As its name implies, Atlanta’s Drunken Unicorn is equal parts whimsy and piss. Looking like a punk-rock bomb shelter crouched on the outskirts of downtown ATL, the venue comes equipped with loving portraits of its mythical namesake alongside exposed ventilation and a graffiti-coated bathroom. It was the perfect site to witness a collection of rock groups that seemed torn between notions of melody and brutality.
Openers Untied States took the stage in ragged assembly and proceeded to conjure up a sustained, featureless rumble. The band simply had no need for transitions. Its members would occasionally hit upon a patch of melody, repeat it a few times, and then toss it away uninterestedly with a scream and fresh explosion of guitar feedback. It was one of those instances where I felt bad for not “getting” a group -- clearly, these were five individuals out pursuing their muse on the outer reaches of tonality. God bless ’em.
Love of Diagrams followed. The Australian trio has been on the receiving end of plenty of well-deserved buzz for its Matador debut, Mosaic, and the group plowed through the album’s contents with workmanlike efficiency. All the while, the three members kept a tight balance between them, each sticking to his or her corner of the arrangement. Drummer Monika Fikerle pounded out urgent patterns with the authority of a Janet Weiss; guitarist Luke Horton scrawled out his jagged lead riffs; and bassist Antonia Sellbach stuck to the center of the three-instrument circus. Her shouted vocals gave the band’s sound its color, and although she appeared a bit stage shy, Sellbach slugged through Mosaic highlights like “The Pyramid” alongside her bandmates. By the end of the set, both of Horton’s guitars were falling to pieces, which only seemed to complement the group’s gritty approach. Never did the musicians deliver the knockout blow that I kept expecting, but they stayed sharp and relevant despite those technical issues.

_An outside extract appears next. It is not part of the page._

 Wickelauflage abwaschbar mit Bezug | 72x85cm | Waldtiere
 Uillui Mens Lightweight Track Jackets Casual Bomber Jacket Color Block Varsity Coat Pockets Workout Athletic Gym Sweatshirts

After some fiddling with their electronics setup, the members of Enon dove into their headlining set. Despite the group’s rich back catalog, Enon essentially played Grass Geysers . . . Carbon Clouds on shuffle (including the album’s iTunes bonus track) with a few older numbers thrown in. The band spared only Grass Geysers’ “Dr. Freeze” and “Paperweights” from its set, and so the performance wound up neatly reflecting the album’s strengths and weaknesses. However, the live setting really did bring out the freak in lead man John Schmersal. Beginning the night with a bit of verbal sparring with the crowd, Schmersal let loose on the microphone, pushing the more manic elements of his vocal style to the fore. He clawed away at his guitar, screeching and moaning all the while.
However, even Schmersal managed to get upstaged by this crazy drummer of his, Matt Schulz. A proud graduate of the Animal school of kit-bashing, Schulz laid into his drum set savagely. His Ringo mop-top flopped wildly with every emphatic strike of his crash cymbal, and his eyes remained fixed in a steady, zombie-like stare. At the same time, he displayed a deft touch on some of the band’s trickier rhythmic numbers (“Collette,” “Pigeneration”), showing a rare combination of ferocity and grace. Next to these two wildmen, bassist Toko Yasuda graciously took a back seat. When she did sing lead, Yasuda brought the humanity and warmth necessary to balance Schmersal’s deranged sonics.
Included in the set was a new song, “The Ghost of Jon Benet,” which should be eligible for “song title of the year” honors whenever it sees a proper release. For tonight, however, it blended in seamlessly with an evening of quick and thrashy sets. I left the strange confines of the Drunken Unicorn satisfied, if a bit jostled.